É uma pena “O Hábito de Ser: Cartas de Flannery O’Connor” não estar traduzido para português. Ela também é muito boa a escrever cartas.

Mais um excerto, desta vez de uma carta escrita a Ben Griffith a 6 de agosto de 1955:

(...) Quando li o teu conto pensei logo em dois outros contos que acho que deves ler antes de começares a reescrever. Um é “O Lamento” de Tchékhov e o outro “Guerra” de Luigi Pirandello. (...)

O teu conto, como esses dois, é essencialmente a apresentação de uma situação patética e quando apresentas uma situação patética tens de a deixar falar por si mesma. Quero dizer que deves apresentá-la e largá-la. Tens de deixar as coisas na história tomar a palavra. Como autor, não deves forçar a situação e parece-me que no teu conto tendes a fazer isso de vez em quando. (...)

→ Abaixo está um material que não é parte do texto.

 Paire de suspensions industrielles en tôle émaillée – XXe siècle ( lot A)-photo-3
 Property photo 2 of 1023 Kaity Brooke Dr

Deixa o velho seguir o seu caminho sem os teus comentários e deixa as coisas que ele vê criar os efeitos patéticos. Conheces o conto “Os Mortos” de Joyce? Repara como ele faz a neve funcionar  na história. Tchékhov faz com que tudo funcione — o ar, a luz, o frio, a sujidade, etc.. Mostra essas coisas e não terás que as dizer. (...)

Comentários

Anónimo disse…
Sim, escolher entre mostrar ou dizer, é a menor diferença entre visão e ser dela o objecto. Mas como não sucumbir ao entorno cultural de arredondar o vocábulo para fazer sentir? Escreveria "Afinal, isto é um tesourinho." e poderia ficar satisfeito. Arriscaria elaborar e fazer falar a jóia e o rubi, e mesmo assim a mudez manter-se-ia insensível. Desistiria qualquer crítico da vulgaridade de ouvir alguém dizer "A Marquesa saiu às 5 horas!", sem contudo querer saber das bolhas nos pés do peregrino?. Mas nunca alguma vez alcançaremos o âmago do Outro sem que exercitemos a verdade em vez dele. E mesmo assim teremos que mentir a nós próprios que seremos ele sem sermos nós, o que é de facto nada mais que transposição de vontade e exercício de razão.